La metodología de Regnerus ha sido criticada con virulencia. Hasta algunos académicos contrarios al matrimonio homosexual han puesto de relieve sus puntos débiles. El propio Regnerus reconoce que los resultados serían muy distintos en el caso de los chavales criados en parejas homosexuales hoy, «en una era en la que las parejas homosexuales están más aceptadas y tienen más apoyo». Y destaca que la orientación sexual «no tiene nada que ver con la capacidad de ser un padre bueno y eficaz».
Pero incluso si su metodología hubiera sido impecable, ¿cambiaría el debate en torno a la homosexualidad y el matrimonio homosexual? Si usted está convencido de que regularizar el matrimonio homosexual es cuestión de igualdad fundamental, no hay estudio académico con posibilidades de hacerle cambiar de opinión. Y si usted considera el matrimonio homosexual inherentemente inmoral o absurdo, una andanada de revistas científicas que predicasen sus beneficios no le convencería de lo contrario.
Nos gusta pensar en nosotros mismos como criaturas racionales con un sano respeto a los hechos y la lógica y los datos científicos. Y aun así, cuando hablamos de las cuestiones más polémicas de la legislación pública — las armas de fuego, el aborto, la separación entre iglesia y estado, la asfixia simulada en los interrogatorios, la inmigración ilegal, lo que se le ocurra — ¿alguien empieza por los datos y sólo después decide su opinión? La mayoría de nosotros funcionamos al revés.
Ejemplo: En un debate de 2008, el periodista de la cadena ABC Charles Gibson preguntaba a Barack Obama por el motivo de querer subir los impuestos a los beneficios, teniendo en cuenta que unos tipos impositivos más elevados conducen de forma característica a una recaudación pública inferior. «Bueno, Charlie», respondía Obama, «lo que digo es que examinaría la posibilidad de subir los tipos impositivos a los beneficios de la inversión a efectos de justicia». Para Obama, subir los impuestos a las rentas altas era un imperativo moral («justicia»); las estadísticas de la recaudación fiscal ocupan un segundo plano.
Otro ejemplo: partidarios y detractores de la pena de muerte se pelean a menudo en torno al efecto disuasor de ejecutar a los asesinos. Pero incluso si la cuestión de la disuasión pudiera zanjarse de forma definitiva, los partidarios de las dos partes convienen en que el debate en torno a la pena capital se prolongaría, igual de apasionado y crispado que siempre.

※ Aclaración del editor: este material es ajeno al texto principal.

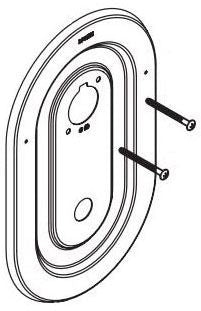 Moen 197932 Escutcheon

Los datos científicos y las investigaciones cuentan, por supuesto. Pero cuando las opiniones a tenor de amargas polémicas públicas cambian, en general lo hacen en respuesta a circunstancias personales o al atractivo emotivo o a presiones sociales. Las opiniones académicas homologadas, por impresionantes que sean, pocas veces tienen la fuerza necesaria para hacernos cambiar de opinión.